Wie ist Ihre Einschätzung? Sind wir von einem Blackout weit entfernt?

Ein Blackout ist ein unkontrollierter großflächiger Totalausfall des Stromnetzes über mehrere Tage. Wir halten den Blackout für nahezu ausgeschlossen. Aber natürlich verändern die eingeschränkten  Gaslieferungen sowie die Situation um die Lieferfähigkeit der französischen Kernkraftwerke die aktuelle Situation erheblich: Gerade Gaskraftwerke werden in Engpasssituationen zum Ausgleich der schwankenden Erzeugung von Wind- und Sonnenanlagen genutzt. Denn sie kann man schnell hoch- und runterregeln.

Was könnte konkret auf uns zukommen?

Die Ergebnisse des aktuellen Stresstests zeigen, dass es in Ausnahmesituationen zu regionalen Engpässen kommen kann. Dies jedoch nur einige wenige Stunden im Winter. Deswegen könnte es zu regional kurzfristigen Maßnahmen kommen. Das wäre jedoch kein klassischer Stromausfall, sondern ein kontrollierter Eingriff, um die Netze zu stabilisieren und die Versorgung zu sichern.
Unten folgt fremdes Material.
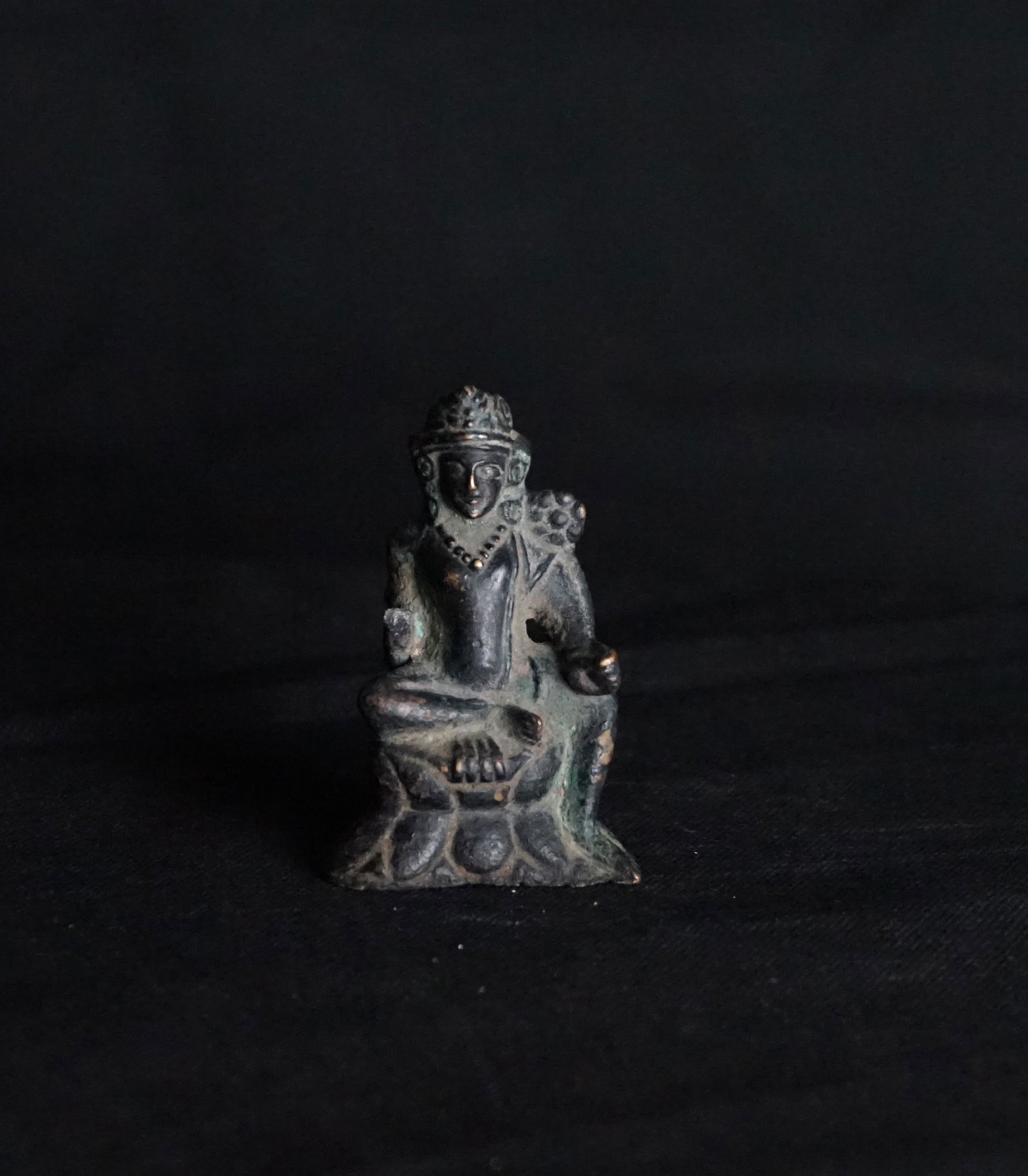 A Small Buddhist Bronze Statue of Buddha (1 of 6)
Im technischen Fachjargon wird  das übrigens „Brownout“ genannt: kontrollierte stundenweise Teilnetzabschaltungen beziehungsweise Lastabwürfe. Dies würde im ersten Schritt bedeuten, dass im Vorfeld vertraglich gesicherte Leistungen bei  Großverbrauchern abgeschaltet werden. Erst wenn alle geordneten Maßnahmen zur Verringerung der Last ausgereizt sind, käme es zu einem Lastabwurf.

Was hieße ein Lastabwurf für Magdeburg? Sind wir gut vorbereitet?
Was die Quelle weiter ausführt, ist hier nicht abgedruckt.